Equally unbridled and breathtaking is the elegiac tone that presides over the Cello Concerto in E minor, Op. 85 (1919) the Edward Elgar (1857-1934). The music of the cello solo is melancholic and saddened, sometimes withdrawing into itself. This work is a clear and valuable example of the know-how and art of a composer who is too often identified exclusively with the grandiloquent music with a utilitarian tendency, all pomp and circumstance, which was encouraged by the context of the British Empire. However, around the end of the century and the Great War, with his maturity, and perhaps reflecting the pessimistic and finalist spirit of his time, Elgar left us a whole series of works of true and profound importance, including the Enigma Variations, the two symphonies, the violin and cello concertos and the magnificent oratorio The dream of Gerontius. The Cello Concerto opens with languid chords from the soloist, developed almost improvisationally, from which emerges a breathtaking melody, firstly, exposed by the violas and then taken up again by the soloist to burst later in the whole orchestra. The second movement, a scherzo that never quite unwinds, still dragged down by the melancholy of the first movement, features the soloist’s pointillist and volatile music above an economical and precise use of the rest of the instruments. It is followed by a slow fragment, in adagio, of elegant and intimate lyricism that leads to a final rondo in which the exaltation of its main theme is gradually broken by the appearance of some echoes of the previous movements, like a memory. The work then ends with the impossibility of escaping a perennially autumnal melancholy, a constant warning of a terrible winter.

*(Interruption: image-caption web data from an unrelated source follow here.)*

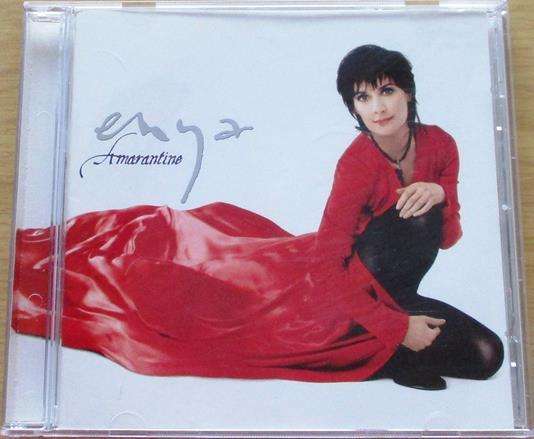 ENYA Amarantine CD [Gx14]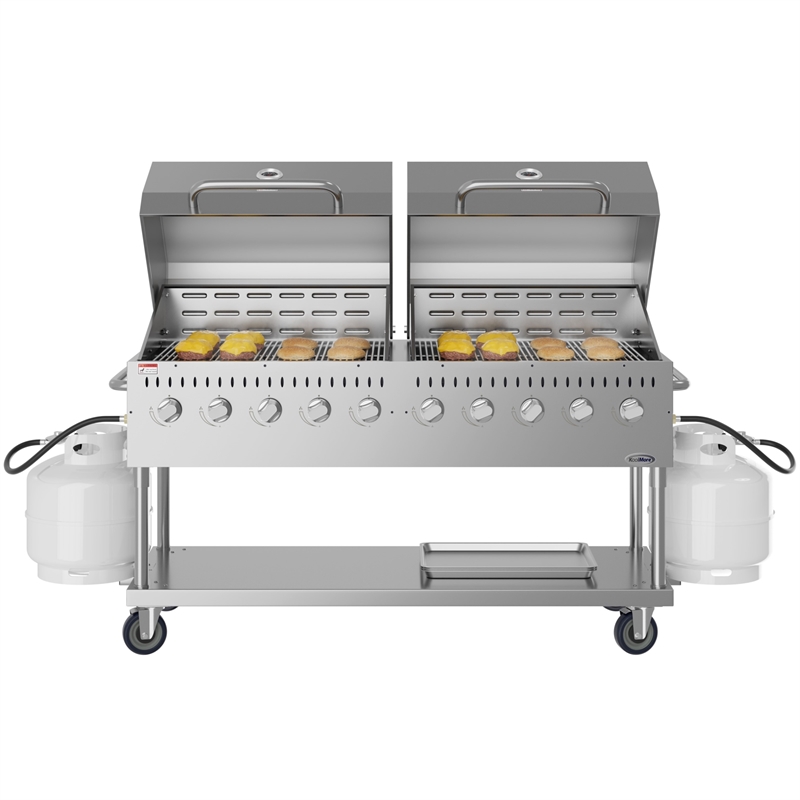 Pemberly Row Steel 72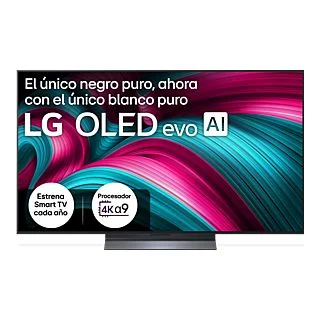 TV OLED 55" - LG OLED55C55LA, OLED 4K,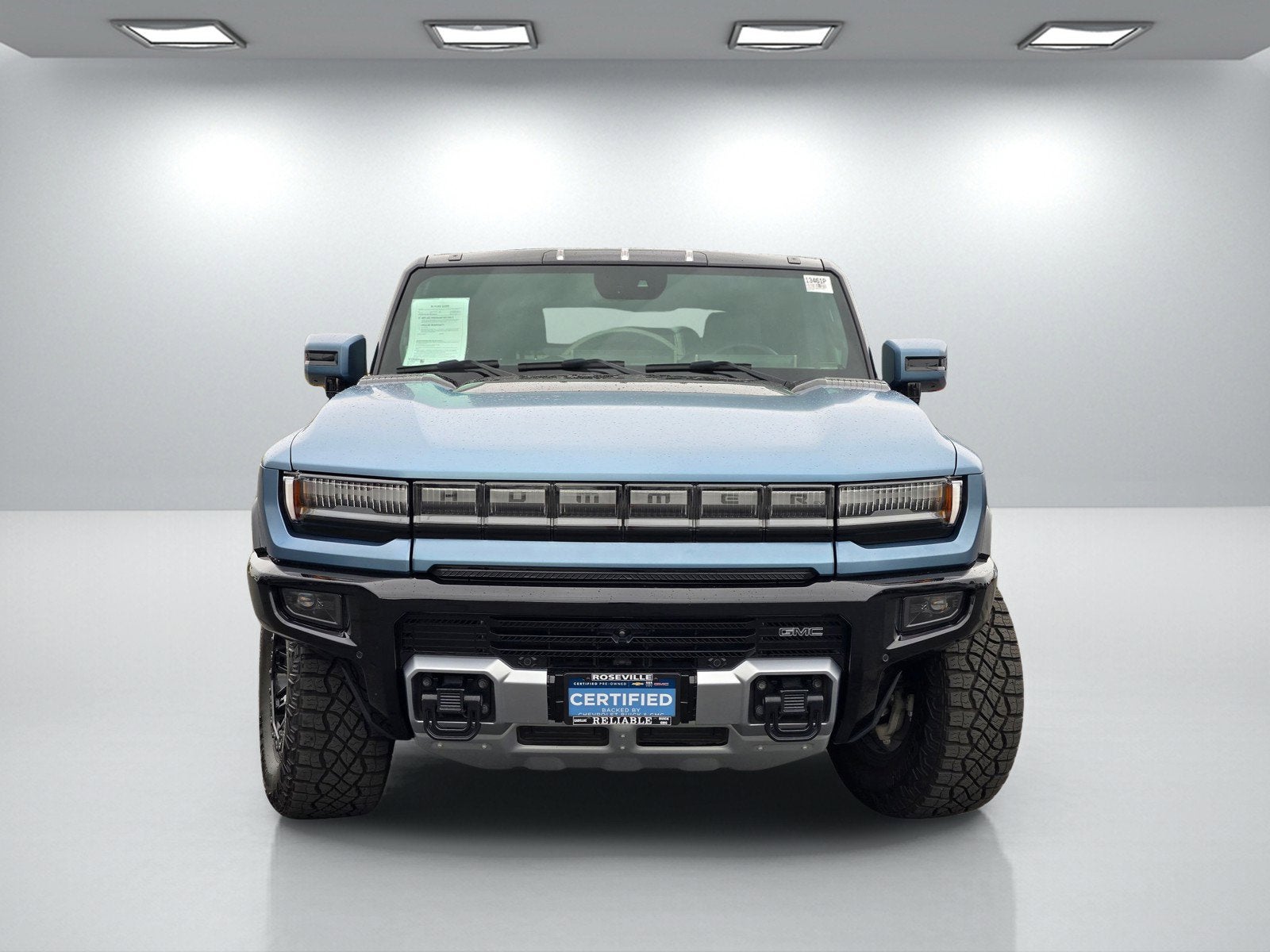 2024 GMC HUMMER EV SUV 3X OMEGA LIMITED EDITION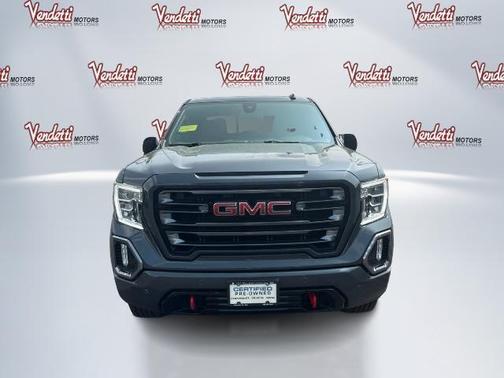 2022 GMC Sierra 1500 Limited AT4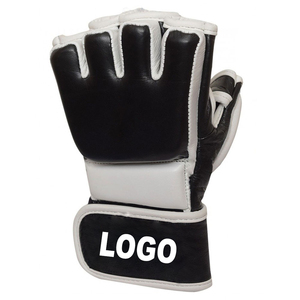 Gants de MMA de haute qualité pour hommes et femmes, gants durables pour l'entraînement, le sparring et les combats, pour la pratique des arts martiaux mixtes, gants de MMA - Product Image 3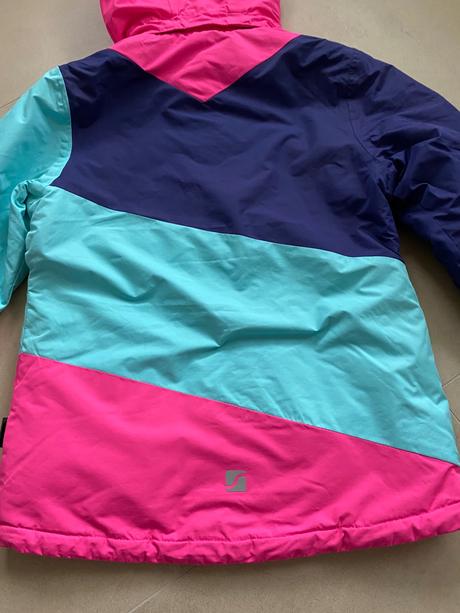 Lyziarska bunda, 140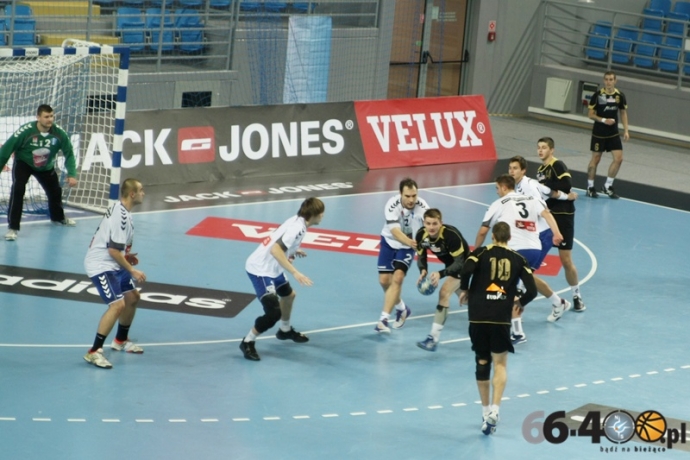 11/15 Wisła II Płock - GSPR Gorzów 25:33 (12:17)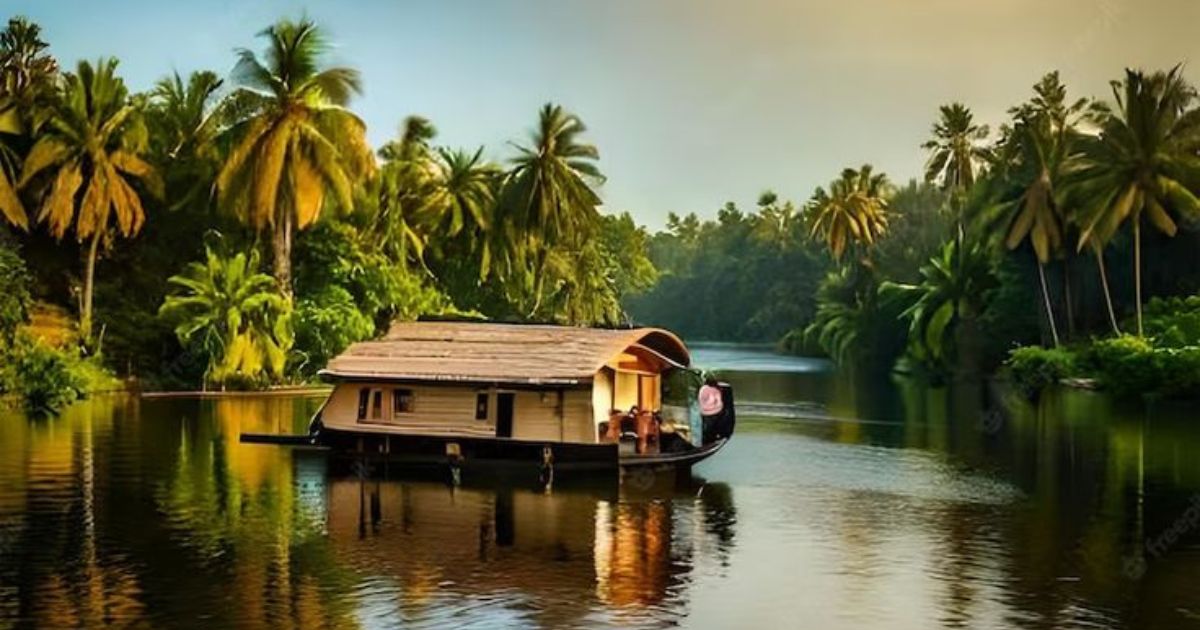 Kerala Backwaters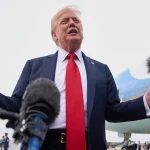 Trump predicts the war with Iran will end after the US elections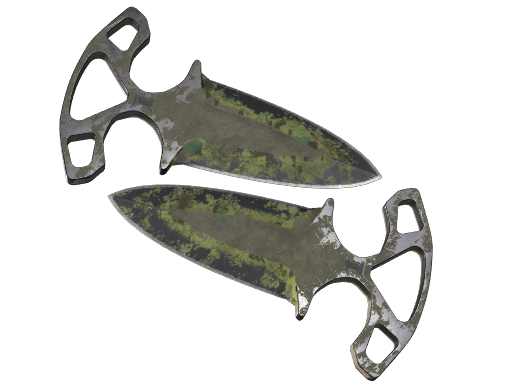 ★ Shadow Daggers | Boreal Forest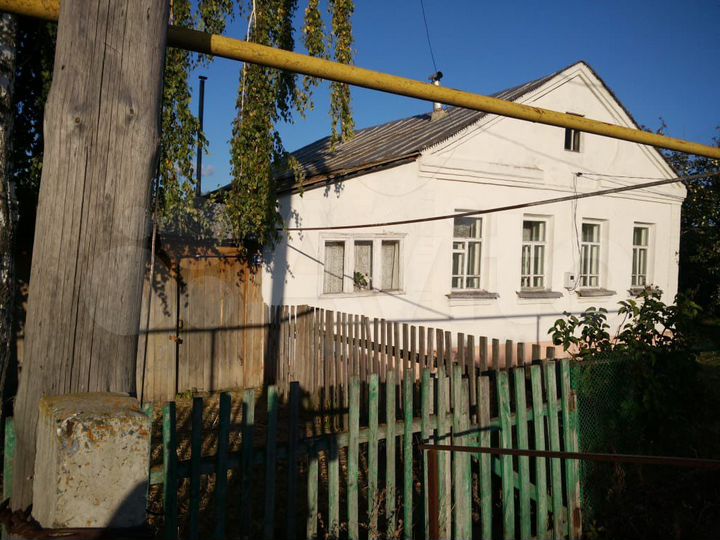 Дом 53,5 м² на участке 12,5 сот.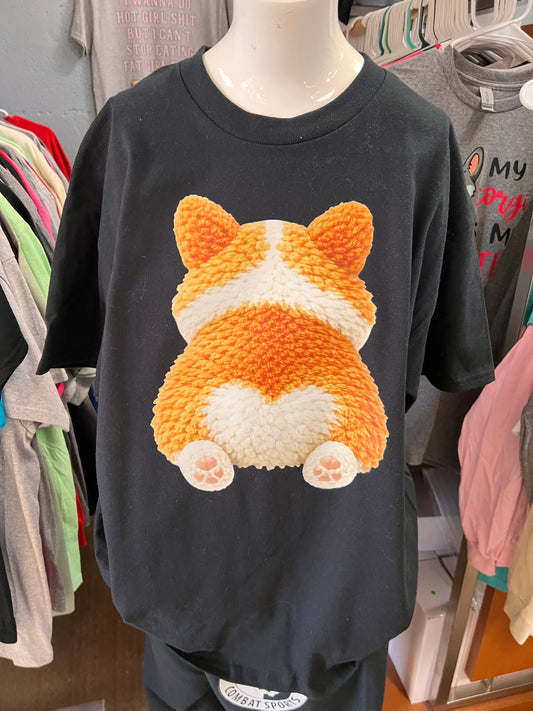 New unisex corgi
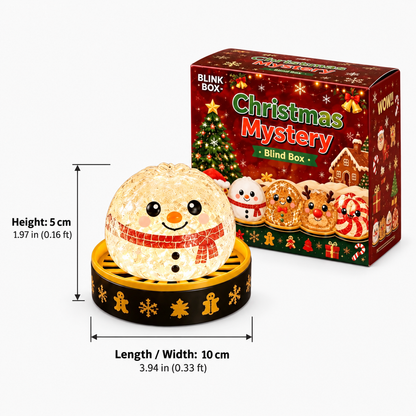 🎄 2026 Christmas Advent Calendar: Mini Dumpling Squishies, 24 Days of Squishy Stress Relief 🥟✨
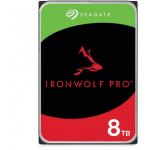 Seagate IronWolf Pro 8TB, ST8000NT001 – Zbozi.Blesk.cz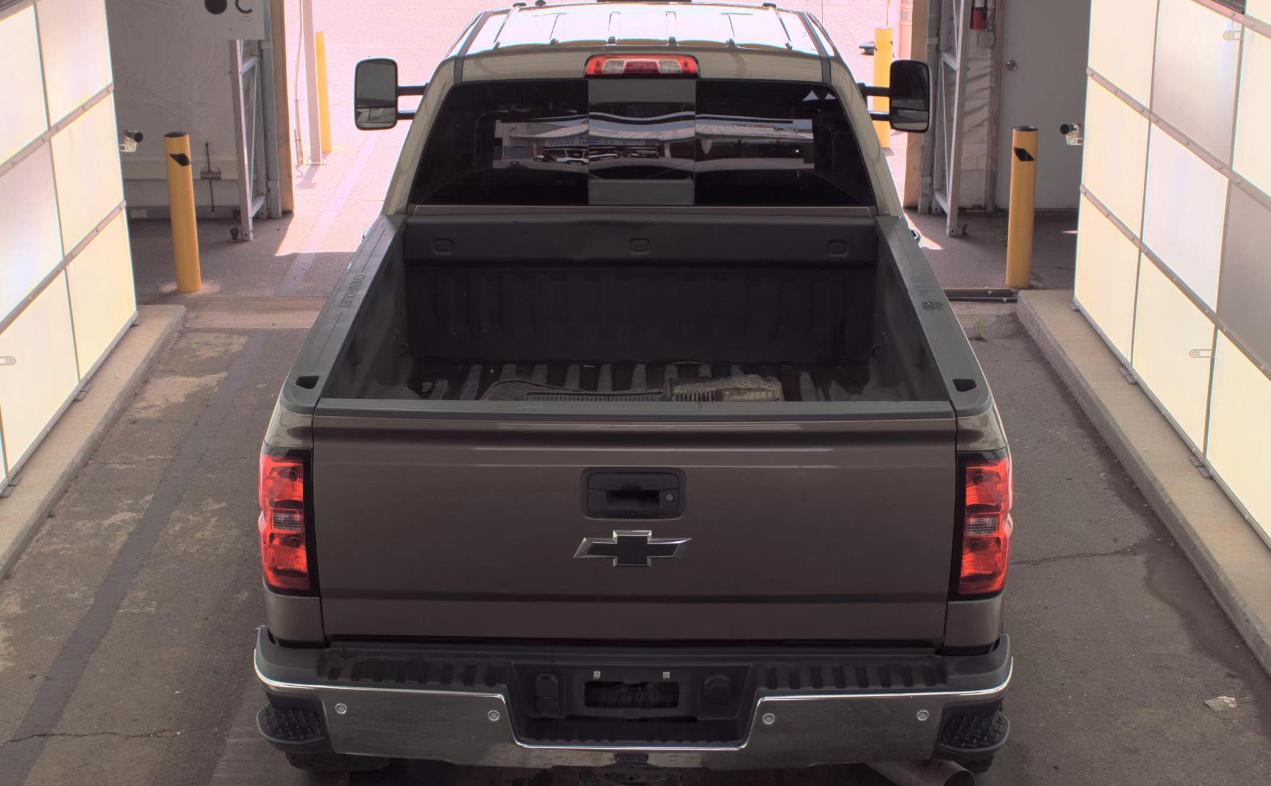Chevrolet Silverado 2500HD 4WD Crew Cab 153.7" LTZ 2015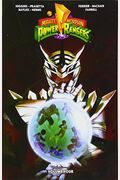 Mighty Morphin Power Rangers, Vol. 4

Bernat Vivancos (1973) is a composer who does not just put notes on a staff. His realm is the whole space where the work will live, the physical space and the acoustic space: either by becoming an architect or a landscape painter, placing the performers here and there, or by building from within the music itself, from within the sound itself, within the same musical thought, from the same sound imagination. This is the case ofU (2021), which must be pronounced like English you, that is, 'you', in which the great orchestra is deconstructed in three spaces by tuning: a first set of musicians who tune their instruments with the tuning fork at 442 kHz (which, so to speak , is, along with the famous 440, the most common tuning), a second group that sharpens one octave of pitch below the first (432 kHz), and a third that does one octave of pitch above (448 kHz) . Thus, as in a sea of rich and vibrant colors, waves of richly microtonal textures collide with each other (never in an excessively aggressive way) leaving out, only occasionally, the melodic motifs that the composer reserves for instruments tuned to the standard mode (the la at 442 kHz), and these strive to make them stand out between the sparkling magma of the other two tunings. There is in this work a clear and firm will to represent a longing, the will to get closer to us, to make us our own, that light in the abyss of the penumbra, that glimmer of hope that we only intuit, oasis in the desert, and which we glimpse in the midst of a thousand and one difficulties and thicknesses. The delicate melody, very fine, that shines pure, like a crack, in a wall of wide sound. A sound utopia as a metaphor for the eternal human utopia: the search for the "you", whoever the other is. Love that is not one, but multiplicity and otherness. The poet Josep Pedrals says it at the end ofThe limits of Quim Porta:

No som res,
n’estic segur.
No som res,
però hi ets Tu.

[We are nothing, I know. We are nothing, But You are there.]